When I started my career, most all reservoirs we worked had permeability measured in millidarcies. The exceptionally good rock we called “darcy” rock, and a few reservoirs fell off the tight end of the spectrum. With the advent of shale production, we seemed to make a step change to much lower permeabilities, but on-going development has filled in the gap. Our industry has now established production over 10 orders of magnitude of permeability.
The graphic below formalizes terms into a more explicit taxonomy using terms already in use. We can classify most reservoirs according to matrix permeability with different labels for groups of log cycles. (Some hydrocarbon sources don't belong on this continuum and can simply be named, such as coalbed methane, oil sands and hydrates.)
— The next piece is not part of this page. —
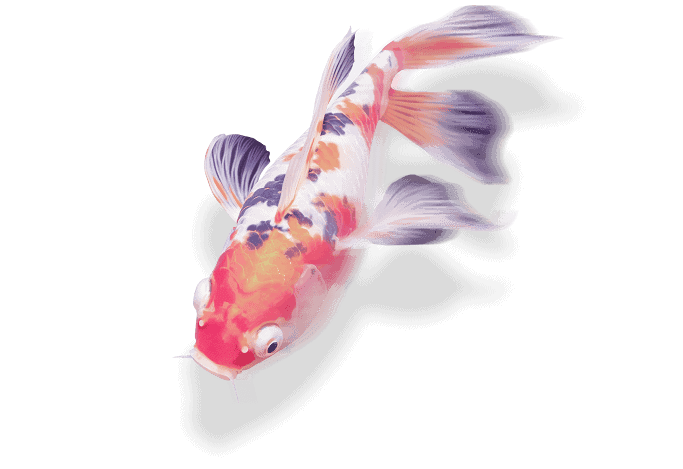 Koi japonais coloré nageant, poisson ornemental décoratif, poisson d'eau douce pour aquarium, poisson exotique d'élégance, poisson de décoration d'aquarium, poisson de salon kanji poissonnement.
Fig. 2: Proposed taxonomy of reservoirs based upon matrix permeability.
As we have often said in the past, we can characterize any reservoir having 1000 md or more as "darcy rock." The more historically common reservoirs, which have been called "conventional,” can more precisely be called “millidarcy” reservoirs. Since the 1980s, “tight” has legally referred to reservoirs with less than 0.1 md of perm, i.e. less than 100 microdarcies. I propose that the term “tight” refer a little more broadly to any reservoir from 1 to 1000 microdarcies. Lastly, of course, shales occupy the last three decades of the scale, 1 to 1000 nanodarcies.
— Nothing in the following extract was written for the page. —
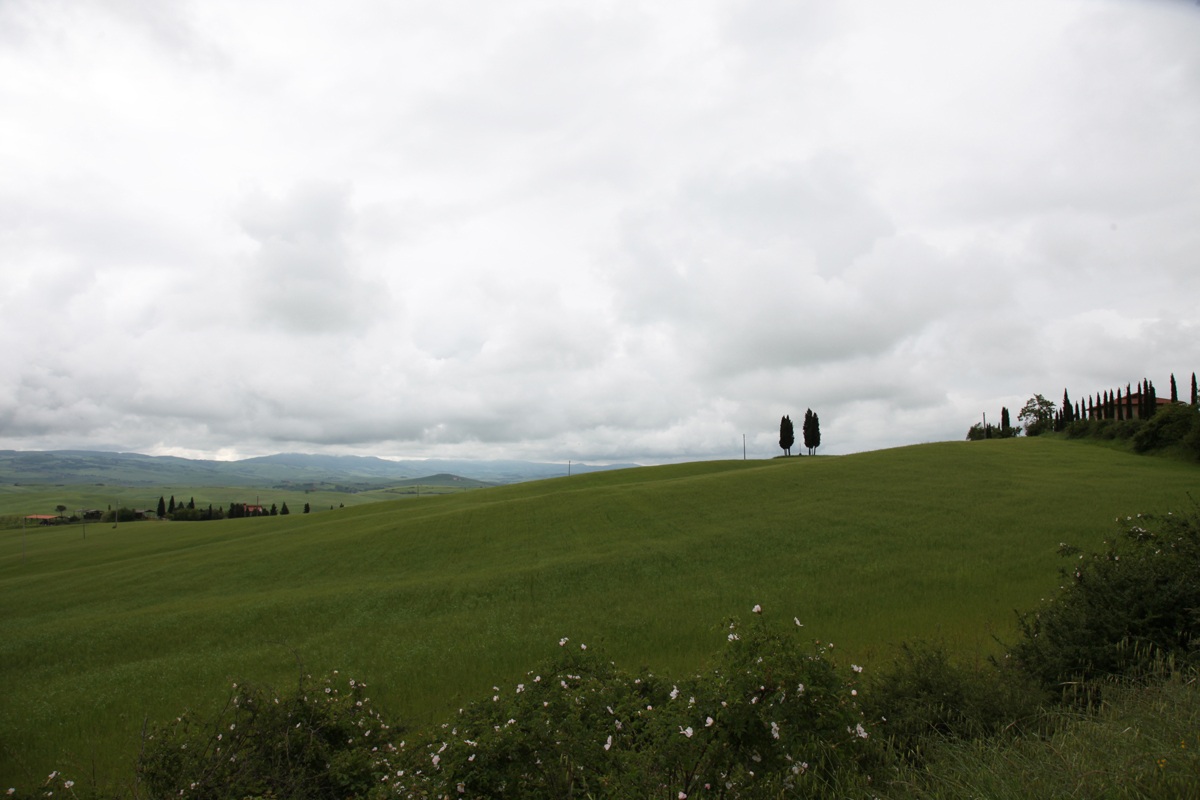 Meadows of Molise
Perhaps adopting a new mindset as well can help us to approach our development more appropriately. The entire range is now open for development with established technology, and the reservoir dynamics are, indeed, a continuum. The far right side of the scale is no longer a step change in technology. We have progressed passed the early part of the business cycle with a rush and bubble and into a new world of slower and more deliberate investment. This next step of the business cycle requires a different strategy for success, it is predicated on better analysis. The need for excellence of analysis will not go away, since shales are the new normal.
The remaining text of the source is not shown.